En dan de mensen met wie we het doen. Die mensen zijn eveneens bijzonder: bovenmatig betrokken. Dat hoor ik vaak terug van iedere nieuwkomer. Soms zijn we een gestroomlijnde machine, en dan weer onverstoorbaar anarchistisch – met alle voor- en nadelen van dien. Met veel humor – zowel hard als zacht. Zowel zwart als kleurrijk. En steeds maar weer knutselen aan deeloplossingen voor dakloosheid.”
Hoe wil je worden herinnerd?
“Enthousiast, ondernemend, betrokken, creatief en een doorzetter. Hart op de goede plek, beetje ongeduldig en soms een iets te grote mond.”
Wat heeft je vooral gefrustreerd?
“Mensen, die altijd maar in termen van problemen denken in plaats van oplossingen. Het feit dat dakloosheid in 2006 opgelost was in de G4 en nu weer net zo hard terug is. Dat we op een hele dure manier de problemen op de woningmarkt aan het oplossen zijn. Geef mensen direct een woning in plaats van na een jarenlang traject in de opvang en begeleiding. Op deze manier is het duur voor zowel de maatschappij als voor de mensen om wie het gaat.”

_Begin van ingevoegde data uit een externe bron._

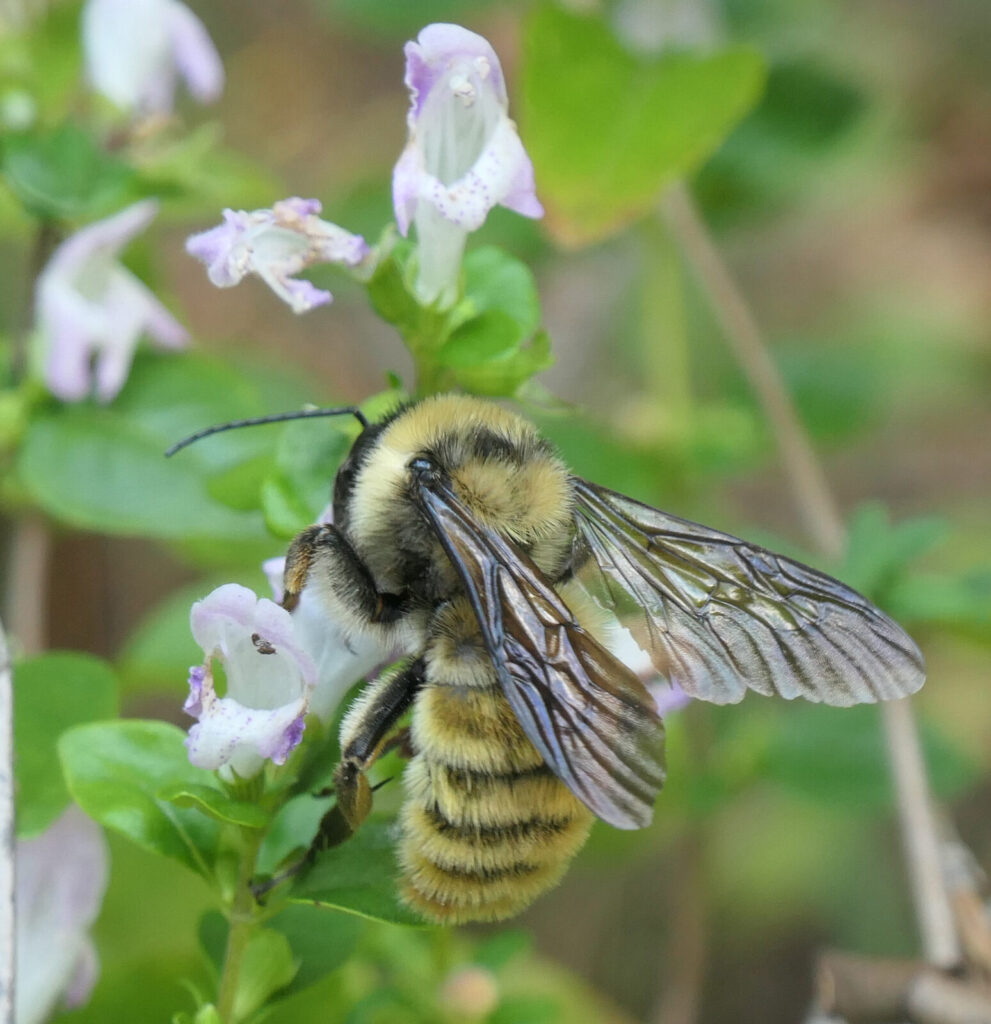 Bombas Fervidus on Georgia calamint.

Hoe zie jij de toekomst voor de Armoedecoalitie?
“Die zal helaas altijd nodig blijven. Ik vind dat er goed wordt samengewerkt binnen de Armoedecoalitie door alle betrokken organisaties. Het onderwerp armoede staat tegenwoordig bij veel mensen en organisaties op het netvlies dankzij de coalitie. Met recent als groot succes het feit dat de bezuiniging op de bijzondere bijstand werd voorkomen.”

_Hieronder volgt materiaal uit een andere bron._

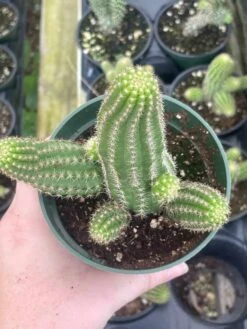 Peanut Cactus, Echinopsis Chamaecereus, Beautiful Healthy Well Rooted Starter Plant In 4 Inch Pot 11 Peanut Cactus, Echinopsis Chamaecereus, Beautiful Healthy Well Rooted Starter Plant In 4 Inch Pot -Cheap Plantly Store il fullxfull.3300088227 4tbr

Wat moet de Armoedecoalitie vooral niet willen?
“De Armoedecoalitie moet voorkomen dat ze te veel de uitvoering in wordt getrokken. Het is geen alternatief voor wat de gemeente of de organisaties moeten doen. Daarvoor is haar uitvoeringscapaciteit immers veel te beperkt. Ze kan wel goed aangeven waar het wringt in de praktijk en proberen alternatieven aan te dragen, die de aangesloten organisaties of de gemeente kunnen uitvoeren. Daarnaast moet worden voorkomen dat er voor oplossingen alleen naar de gemeente gekeken wordt.”
Wat zou je de Armoedecoalitie als les meegeven?
“Ga vooral op de ingeslagen weg door. Houd goed contact met de verschillende achterbannen en koester de relatie met de gemeente, maar durf ook te zeggen waar het mis gaat.”
Waar kunnen ze je midden in de nacht voor wakker maken?
“Voor leuke dingen als een zoen van mijn vrouw, een voetbalwedstrijd van het Nederlands elftal of een vroeg vertrek voor een reis. En verder voor minder leuke dingen zoals een ramp of rampje binnen een van de vestigingen van De Tussenvoorziening, wanneer ik achterwacht heb. Of een onverwachte ziekte van een familielid.”
Wat heb je onlangs nog geleerd?
“Dat ik gelukkig nog steeds geraakt word door onrecht.”